• TASK
Repeat only the lines below from the one containing "Business Infographic tasarım" through the one containing "2boys ^_^ animal_ear_fluff", inclusive, exactly as written.

• SUPPLIED DATA
---------------

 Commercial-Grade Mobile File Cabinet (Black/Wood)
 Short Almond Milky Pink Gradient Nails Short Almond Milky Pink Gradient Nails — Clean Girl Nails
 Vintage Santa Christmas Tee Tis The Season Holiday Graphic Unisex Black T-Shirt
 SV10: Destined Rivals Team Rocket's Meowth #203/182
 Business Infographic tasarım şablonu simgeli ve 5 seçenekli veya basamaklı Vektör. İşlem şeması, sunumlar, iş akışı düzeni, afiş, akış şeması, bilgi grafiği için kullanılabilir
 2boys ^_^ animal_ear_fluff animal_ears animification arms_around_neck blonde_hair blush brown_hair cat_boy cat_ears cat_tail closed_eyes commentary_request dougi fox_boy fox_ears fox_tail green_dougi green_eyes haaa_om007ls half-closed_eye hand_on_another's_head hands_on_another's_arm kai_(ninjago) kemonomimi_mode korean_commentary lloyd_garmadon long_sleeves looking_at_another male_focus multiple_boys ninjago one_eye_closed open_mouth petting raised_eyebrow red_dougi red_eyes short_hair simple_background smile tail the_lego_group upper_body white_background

---------------

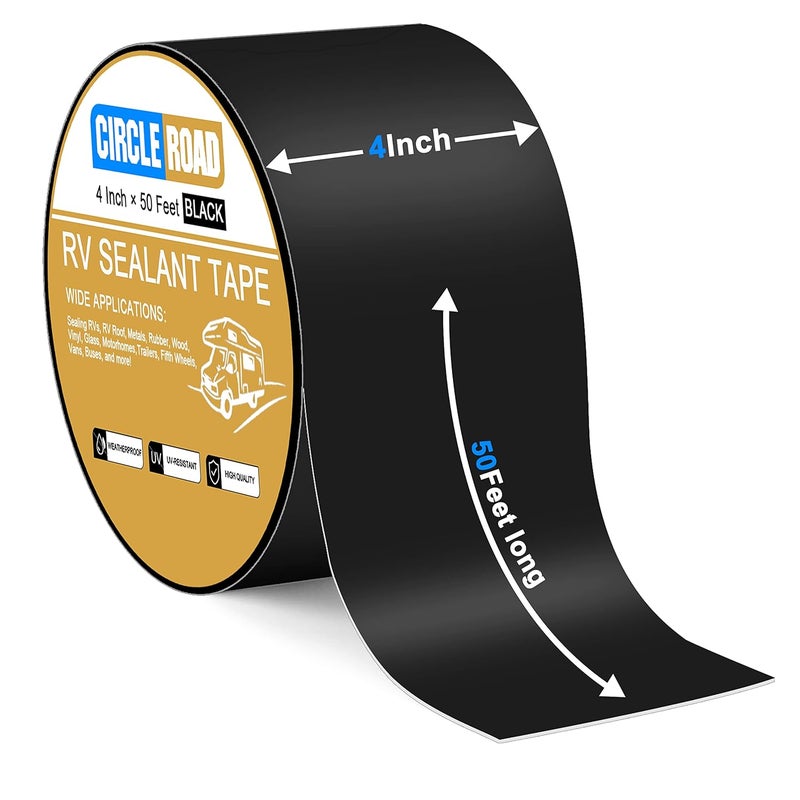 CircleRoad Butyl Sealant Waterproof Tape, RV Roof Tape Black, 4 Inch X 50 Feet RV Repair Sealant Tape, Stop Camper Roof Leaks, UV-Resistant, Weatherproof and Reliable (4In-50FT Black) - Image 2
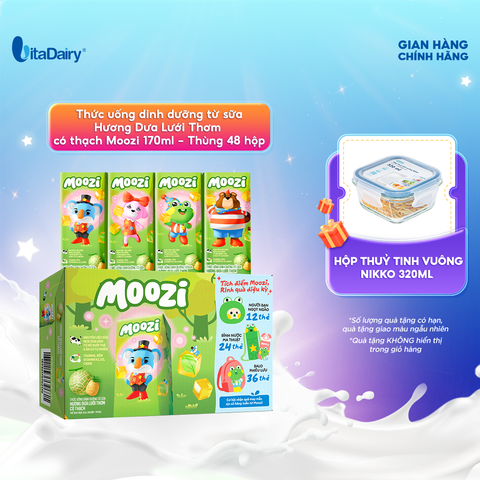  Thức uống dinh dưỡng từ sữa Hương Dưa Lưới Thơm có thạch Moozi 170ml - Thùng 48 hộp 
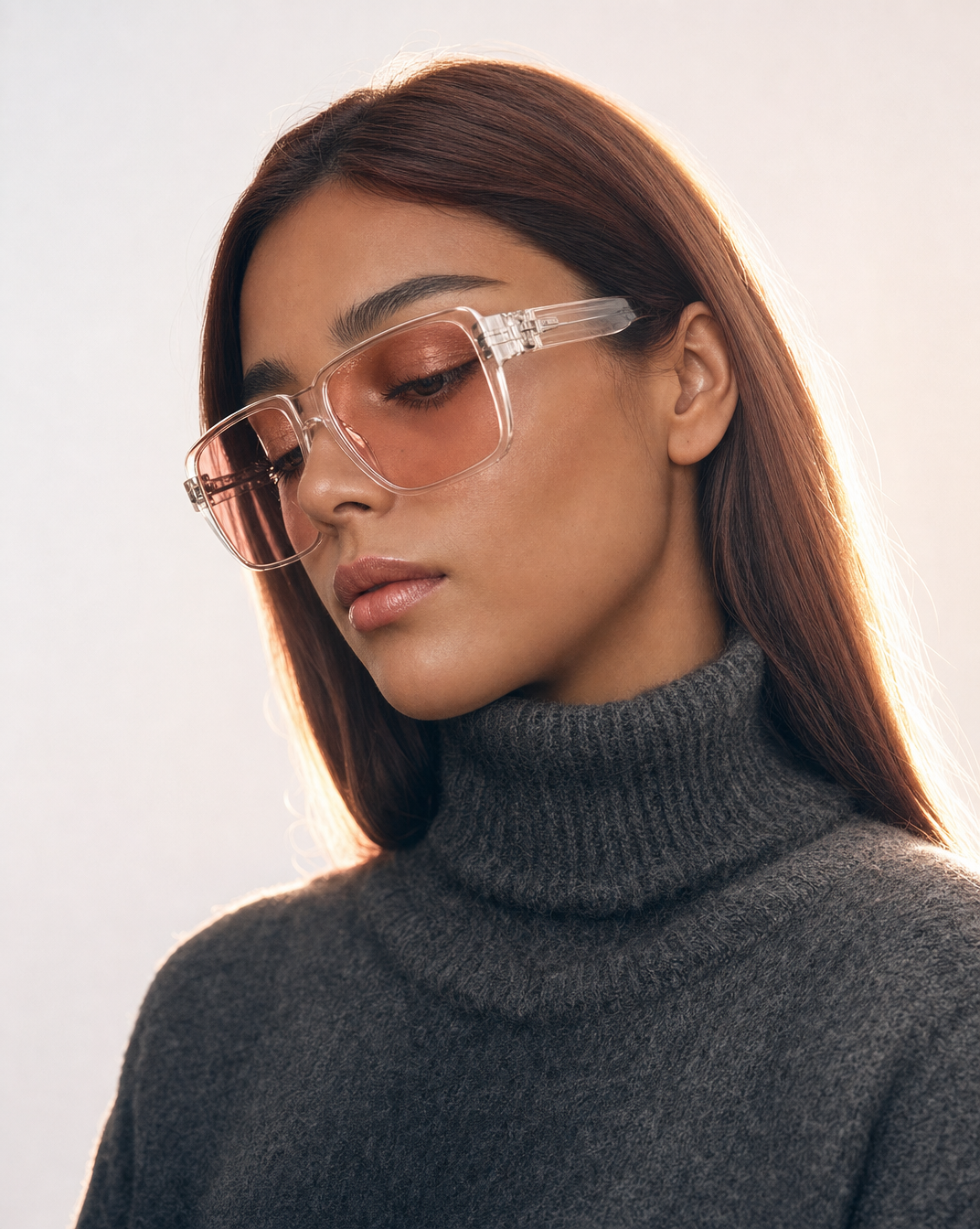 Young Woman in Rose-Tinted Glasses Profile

---------------

• TASK OUTPUT
 Business Infographic tasarım şablonu simgeli ve 5 seçenekli veya basamaklı Vektör. İşlem şeması, sunumlar, iş akışı düzeni, afiş, akış şeması, bilgi grafiği için kullanılabilir
 2boys ^_^ animal_ear_fluff animal_ears animification arms_around_neck blonde_hair blush brown_hair cat_boy cat_ears cat_tail closed_eyes commentary_request dougi fox_boy fox_ears fox_tail green_dougi green_eyes haaa_om007ls half-closed_eye hand_on_another's_head hands_on_another's_arm kai_(ninjago) kemonomimi_mode korean_commentary lloyd_garmadon long_sleeves looking_at_another male_focus multiple_boys ninjago one_eye_closed open_mouth petting raised_eyebrow red_dougi red_eyes short_hair simple_background smile tail the_lego_group upper_body white_background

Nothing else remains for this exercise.